旧日本軍機の特攻を受け古宇利島沖の海底に沈む米軍掃海艦「エモンズ」の砲身に、日本のダイビング客らが座ってポーズを取る写真がインターネット上に公開され、同艦の元乗組員らでつくる米団体メンバーが、客を案内した那覇市のダイビング店に「戦死者への冒涜(ぼうとく)だ」と抗議していたことが30日、関係者への取材で分かった。店側は謝罪し、公開した写真を削除。再発防止を約束したという。
同艦の発見当初から調査や慰霊に携わる県内のダイビングインストラクターの男性は、「日米の犠牲者が眠る船。単なる観光スポットでないと知ってほしい」と訴える。
写真は6月下旬、店がSNS(交流サイト)上で公開。若い女性客ら3人が砲身に並んで座り、腕を広げるなどポーズを取っていた。
抗議したのは、米団体「エモンズ・アソシエーション」メンバーで沖縄県在住の男性。

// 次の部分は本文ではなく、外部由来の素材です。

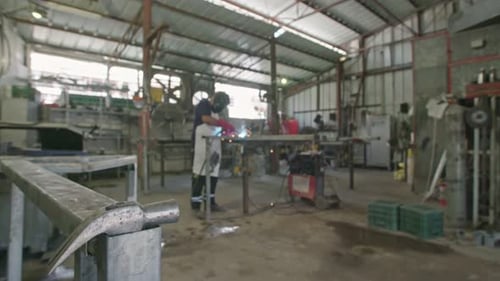 Welder Working on Metal in a Workshop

同月27日付で「戦死した乗組員やパイロットへの大変な冒涜。国のために犠牲となった人に敬意を払うべきだ」とし、日米双方の戦死者を追悼することの大切さについて客に指導するよう求めた。
団体のトム・ホフマン理事は共同通信の取材に「悲しいことだ。この船に潜る人は敬意を持ってほしい」とコメントした。店の代表は「ダイビングスポットの魅力が伝わると思って公開した。抗議が来ると思わなかった」と話した。その後は船を傷つけないよう指導しているという。